*EXERCISE DIRECTIONS*:
One range is to be output from the listing below, exactly as written: the line with "Image similar to" to the line with "DATING FROM 1920", both kept.
┌──
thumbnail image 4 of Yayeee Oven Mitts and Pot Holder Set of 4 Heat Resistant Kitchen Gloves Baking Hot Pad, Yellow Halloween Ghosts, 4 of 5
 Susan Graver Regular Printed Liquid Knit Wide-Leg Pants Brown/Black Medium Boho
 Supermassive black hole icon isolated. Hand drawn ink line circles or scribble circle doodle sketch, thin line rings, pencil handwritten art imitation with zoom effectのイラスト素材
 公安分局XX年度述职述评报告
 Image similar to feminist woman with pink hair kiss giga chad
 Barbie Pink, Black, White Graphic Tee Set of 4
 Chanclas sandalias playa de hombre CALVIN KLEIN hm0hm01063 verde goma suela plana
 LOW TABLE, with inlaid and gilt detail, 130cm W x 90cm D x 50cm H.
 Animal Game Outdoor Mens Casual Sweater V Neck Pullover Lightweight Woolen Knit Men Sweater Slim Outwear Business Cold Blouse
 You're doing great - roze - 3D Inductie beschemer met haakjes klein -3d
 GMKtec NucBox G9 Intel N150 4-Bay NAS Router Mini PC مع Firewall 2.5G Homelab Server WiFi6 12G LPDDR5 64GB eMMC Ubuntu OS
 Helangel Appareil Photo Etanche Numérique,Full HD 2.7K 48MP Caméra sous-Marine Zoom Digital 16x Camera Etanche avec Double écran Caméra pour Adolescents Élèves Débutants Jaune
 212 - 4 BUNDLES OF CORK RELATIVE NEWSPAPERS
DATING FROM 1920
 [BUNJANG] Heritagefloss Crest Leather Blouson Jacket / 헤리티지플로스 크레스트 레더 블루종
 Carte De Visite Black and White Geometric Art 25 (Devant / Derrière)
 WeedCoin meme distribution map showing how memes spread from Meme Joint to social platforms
└──
*REPLY TO THE EXERCISE*:
 Image similar to feminist woman with pink hair kiss giga chad
 Barbie Pink, Black, White Graphic Tee Set of 4
 Chanclas sandalias playa de hombre CALVIN KLEIN hm0hm01063 verde goma suela plana
 LOW TABLE, with inlaid and gilt detail, 130cm W x 90cm D x 50cm H.
 Animal Game Outdoor Mens Casual Sweater V Neck Pullover Lightweight Woolen Knit Men Sweater Slim Outwear Business Cold Blouse
 You're doing great - roze - 3D Inductie beschemer met haakjes klein -3d
 GMKtec NucBox G9 Intel N150 4-Bay NAS Router Mini PC مع Firewall 2.5G Homelab Server WiFi6 12G LPDDR5 64GB eMMC Ubuntu OS
 Helangel Appareil Photo Etanche Numérique,Full HD 2.7K 48MP Caméra sous-Marine Zoom Digital 16x Camera Etanche avec Double écran Caméra pour Adolescents Élèves Débutants Jaune
 212 - 4 BUNDLES OF CORK RELATIVE NEWSPAPERS
DATING FROM 1920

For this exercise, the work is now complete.